We then set out to characterize all of the regions of the genome that displayed H3K9me2 domains that increased in size following Ni treatment, which we refer to as “spreading domains” (Fig. 1 F and G and SI Materials and Methods). After saturation analysis of the ChIP-Seq reads to ensure sufficient coverage (SI Materials and Methods and Fig. S2), we called all domains in both control (Ctrl) and Ni-treated (Ni) cells using RSEG software (25). To validate H3K9me2 ChIP-Seq data and to optimize H3K9me2 domain calling, we selected several loci and performed ChIP-quantitative PCR (qPCR) analysis on untreated and Ni-treated cells (Fig. 1D and SI Materials and Methods). ChIP-qPCR analysis strongly correlated with the ChIP-Seq data (Fig. S3). Furthermore, using a peptide immunoprecipitation (IP) assay, we evaluated the specificity and affinity of the antibody used in this study for performing H3K9me2 ChIP-Seq (SI Materials and Methods) (26). The antibody showed moderate affinity with a submicromolar KD value and outstanding specificity with almost no cross-reactivity to other histone modification marks tested (Fig. S4), suggesting the high quality of the antibody.

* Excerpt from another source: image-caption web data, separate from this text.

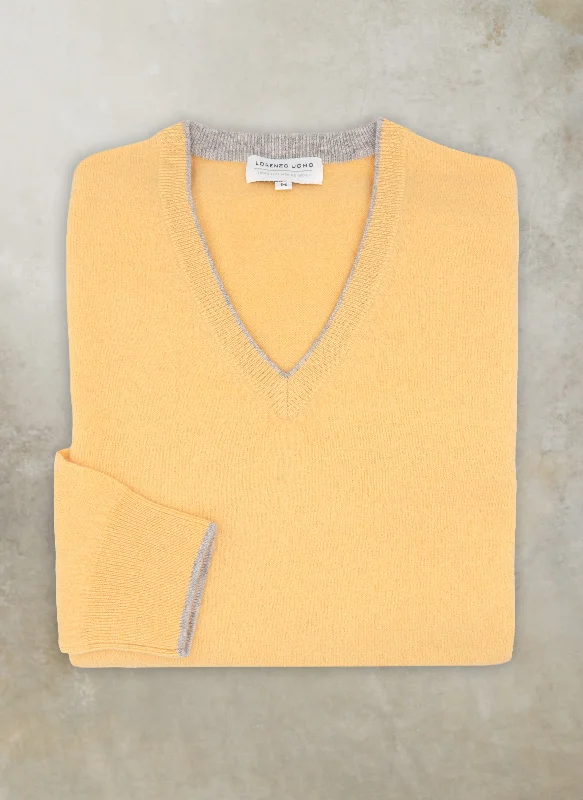 Trendy Comfort Men's Melbourne Contrast V-Neck Extra-Fine Pure Merino Wool Sweater in Yellow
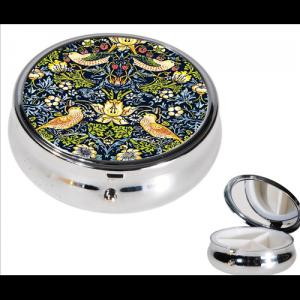 FRI.19961 Gyógyszeres fémdoboz 3 fakkos 6x2,1cm, William Morris: The strawberry tief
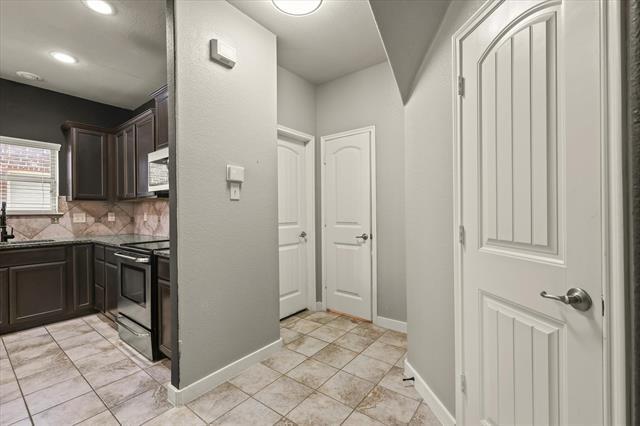 Building Photo - 8805 Deadwood Ln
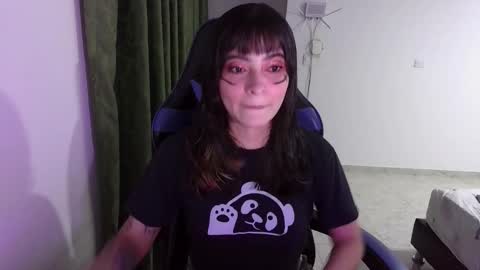 Snapshot of annacrow chatting on October 15, 2025, 3:06 am Anna online show from October 15, 2025, 3:06 am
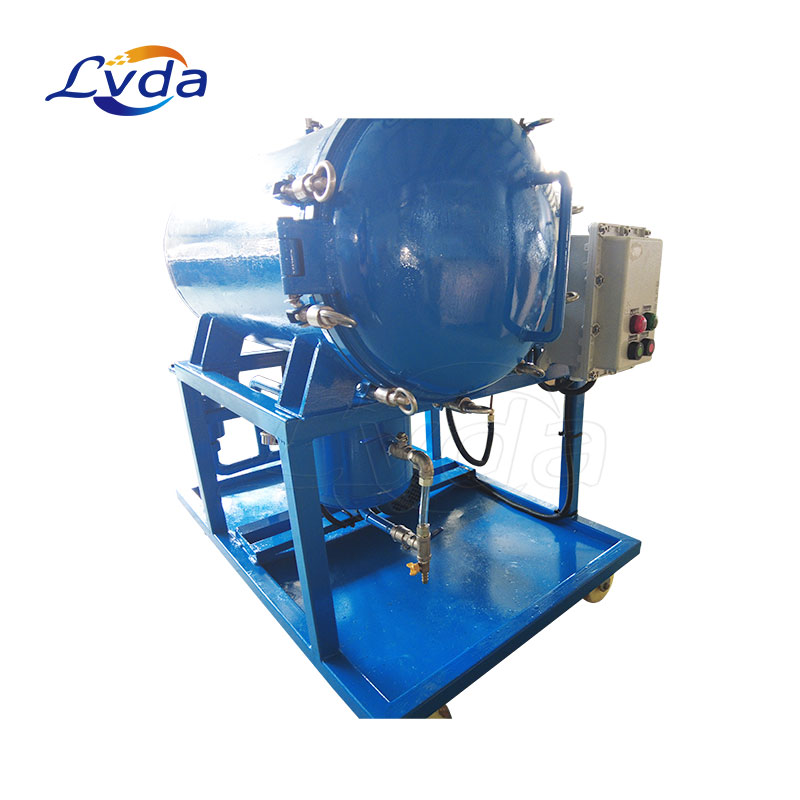 Tramp oil coalescer-separator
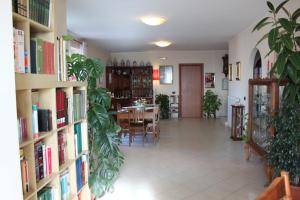 ein Wohnzimmer mit Bücherregalen mit Büchern in der Unterkunft Il Pioppo in Veroli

We identified 2,461 control domains and 1,298 Ni domains, ranging in size from 1 kb to >1 Mb (Fig. 1G). A total of 61% (1,514/2,461) of the domains in untreated control cells increased in size upon Ni exposure, indicating spreading of these domains beyond their normal boundaries (Fig. 1G and Fig. S5). The total number of spreading domains reduced to a third of the domains detected in control cells (562/1,514) due to spreading domains combining to form larger domains (Fig. 1G and Fig. S5).

Genes in H3K9me2-Spreading Domains Are Generally Downregulated.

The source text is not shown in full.